RadDevon

Why should I care about NGINX?

One of my best memories of childhood was going to Toys “R” Us to buy a video game. Even though the process was pretty strange, I still think of it fondly because it was part of the anticipation of playing that brand new game.

The process went like this. First, you’d go to the video game aisle where you’d find walls filled with plastic cards containing the cover art of each game. Flipping the card up, you could look at the back of the game box. Once you found the game you wanted, you’d pull a slip of paper from a pocket hanging under the game’s card showing the game’s price and a UPC.

Toys "R" Us game slips

You’d take the slip through the checkout and pay for your game. Then, you’d go beyond the checkout and take your game slip to a window at the customer pickup room. There, an employee would take your slip, grab the game from the shelves, and hand it to you through the window.

toys r us customer pickup

What is NGINX?

What does all this have to do with NGINX? NGINX is a web server. It’s a piece of software that runs on a computer, listening to HTTP requests and fulfilling them.

It serves a similar role to that Toys “R” Us employee who worked the pickup room. You start by making a request. At Toys “R” Us, that’s your slip specifying the game you bought. On the web, that’s an HTTP request.

Just like the customer pickup employee, the server knows where to go to fulfill that request. It gets the response and passes it back through the “window” to the user who made the request.

Why Do I Need to Understand NGINX?

NGINX is not the only web server, but it’s an extremely popular one and it’s on the rise. It’s open source which means you can use it for free for your own sites. It’s also open source meaning you can extend it or fix bugs yourself. Even though it’s in 2nd place overall (behind Apache), it’s number 1 amongst the most trafficked sites.

You can do a lot as a web developer without understanding the web server, but you’ll eventually hit a ceiling. If you need to redirect from one URL to another, that will be impossible. If you want /blog on your server to be a Python app and /chat to be a Node app, you can’t. If you want to add headers to your request, you’ll have to configure the web server to do that.

Example NGINX Configs

One really common use case NGINX can help with is driving two (or more) sites with different domains from a single server. Here’s what the NGINX configuration to do that might look like:

server { listen 80; server_name www.raddevon.com; root /var/www/raddevon; } server { listen 80; server_name www.radworks.io; root /var/www/radworks; }

This configuration creates two virtual servers, both listening on port 80. (That’s the default HTTP port.) If an HTTP request comes in for a resource at raddevon.com, NGINX will look for that resource at that server’s root path (/var/www/raddevon in this case). If a request comes in for a resource at radworks.io, NGINX looks for those resources at /var/www/radworks.

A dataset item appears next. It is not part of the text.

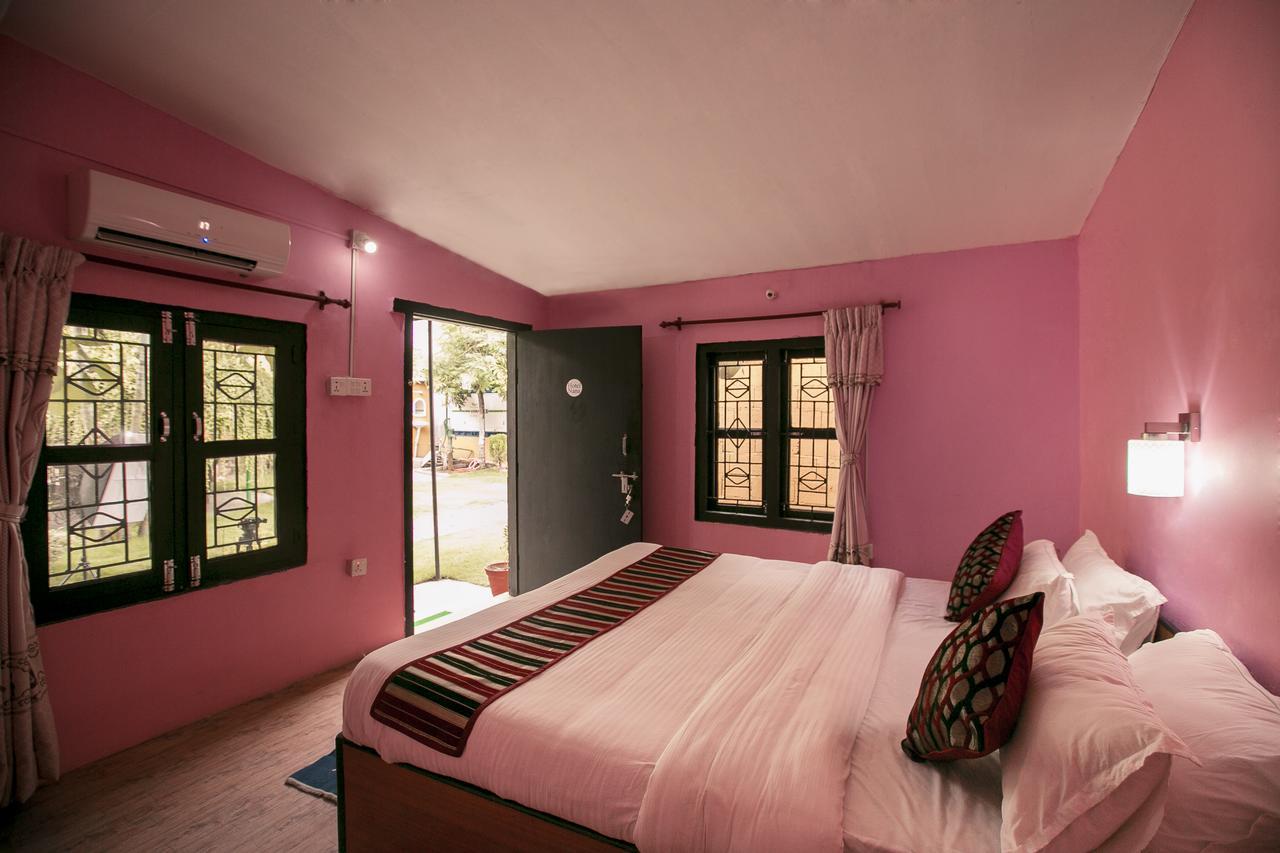 Sauraha Nana Hotel Esterno foto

These are both static sites, but you could very easily have a Node web server running and proxy one or the other to it. Proxying allows NGINX to be a middleman, passing requests off to another web server running on the same machine. Express, for example, sets up a server that listens for requests on port 3000 by default. If I ran Rad Devon as an Express app, I could take any requests for raddevon.com and proxy those to port 3000 on the same machine. Here’s what that might look like:

server { listen 80; server_name www.raddevon.com; location / { proxy_pass http://127.0.0.1:3000/; } }

I’ve taken out the root directive and replaced it instead with a location block that defines what NGINX should do when someone hits raddevon.com at a certain address (in this case, the root url indicated by the /). I’ve used the proxy_pass directive to specify that it should send the request on to the server at http://127.0.0.1:3000. 127.0.0.1 is the loopback address which means it refers to this network interface (“this” meaning the one that made the request). 3000 is again the default port Express uses for its web server.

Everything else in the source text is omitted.